The carton gives us a better hint – that all the Classic Malts series from Diageo each have a Distiller’s edition, each one being a different take on the classic standard. The mysterious master distiller ‘LB’ at Cragganmore chose port wood barrels for the second maturation. (Laura Vernon is the current Cragganmore master distiller according to Wikipedia.) The other hint we get is from the front of both bottle and carton – “double matured” (that’s the usual bourbon casks followed by the port wood) and “distilled in 2008, bottled in 2018.” We have a total of 13 years of maturation, a goodly time. Since Cragganmore’s standard maturation is 12 years, it’s a fair guess they spend an additional year in the port. Mind you that’s a guess, but it would mirror Glenmorangie’s approach for their Quinta Ruban, though Glenmorangie go for an extra two years on a 10-year standard spirit.

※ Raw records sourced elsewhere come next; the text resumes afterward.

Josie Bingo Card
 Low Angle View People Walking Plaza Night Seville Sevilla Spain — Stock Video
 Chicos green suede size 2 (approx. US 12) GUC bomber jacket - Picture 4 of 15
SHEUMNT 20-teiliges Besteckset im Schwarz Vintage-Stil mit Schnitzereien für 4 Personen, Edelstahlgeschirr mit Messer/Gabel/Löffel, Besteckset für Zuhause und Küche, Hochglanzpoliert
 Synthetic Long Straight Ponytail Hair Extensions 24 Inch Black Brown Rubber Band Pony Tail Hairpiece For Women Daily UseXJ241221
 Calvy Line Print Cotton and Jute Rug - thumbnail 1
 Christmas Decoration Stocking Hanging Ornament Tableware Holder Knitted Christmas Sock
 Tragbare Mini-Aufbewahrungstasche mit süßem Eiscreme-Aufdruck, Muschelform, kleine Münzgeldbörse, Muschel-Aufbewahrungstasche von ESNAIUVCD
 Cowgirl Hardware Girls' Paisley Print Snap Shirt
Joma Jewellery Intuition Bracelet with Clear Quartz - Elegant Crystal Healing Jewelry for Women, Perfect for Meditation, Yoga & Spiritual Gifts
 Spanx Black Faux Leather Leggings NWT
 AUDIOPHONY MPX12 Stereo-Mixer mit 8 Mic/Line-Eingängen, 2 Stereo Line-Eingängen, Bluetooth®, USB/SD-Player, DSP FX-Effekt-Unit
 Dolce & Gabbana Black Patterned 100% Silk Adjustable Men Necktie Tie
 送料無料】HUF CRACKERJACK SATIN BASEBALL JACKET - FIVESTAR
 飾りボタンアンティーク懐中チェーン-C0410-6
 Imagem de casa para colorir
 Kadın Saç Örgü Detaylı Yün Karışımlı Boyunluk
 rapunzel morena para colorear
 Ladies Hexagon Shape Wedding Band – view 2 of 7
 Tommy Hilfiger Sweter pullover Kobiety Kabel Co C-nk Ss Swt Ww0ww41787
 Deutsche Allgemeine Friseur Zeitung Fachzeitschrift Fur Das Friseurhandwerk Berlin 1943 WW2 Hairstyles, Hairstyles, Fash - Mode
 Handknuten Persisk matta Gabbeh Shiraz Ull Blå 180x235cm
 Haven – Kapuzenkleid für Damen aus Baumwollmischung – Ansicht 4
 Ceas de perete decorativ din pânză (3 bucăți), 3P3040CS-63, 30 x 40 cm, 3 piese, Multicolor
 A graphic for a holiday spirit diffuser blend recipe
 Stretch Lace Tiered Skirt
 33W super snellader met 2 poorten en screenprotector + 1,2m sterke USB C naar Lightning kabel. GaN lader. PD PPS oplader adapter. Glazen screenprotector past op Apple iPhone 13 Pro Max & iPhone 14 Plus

In the Quinta Ruban review, I used this Cragganmore as a foil for reviewing the Glenmorangie. I noted “the Cragganmore is flatter, delivering more malt and less toffee-and plum-than the Q.R. Indeed, the Distiller’s Edition’s nose sits between that of the Glen 10 and the Quinta Ruban. It is more refined than the Glen 10…no graininess, no sting, with subtle hints of oak, red apple and mineral peat. But it is not as robust as the Quinta Ruban.”
It’s been a few months since I wrote that, let’s see how this whisky strikes me at several removes. The nose is indeed smooth and has a hefty amount of fruit and robust floral (rose, honeysuckle) before giving way to a nice grainy malt. There is just a bare hint of smoke in there, but not enough to offend even the tenderest taster. On the palate this comes on with a thick helping of toffee and at first I thought it would be cloying and suitable just for dessert, but it gets spicy and peppery on top of the apple, pear and floral notes. There are some herbal features as well. I may as well get on to the notes….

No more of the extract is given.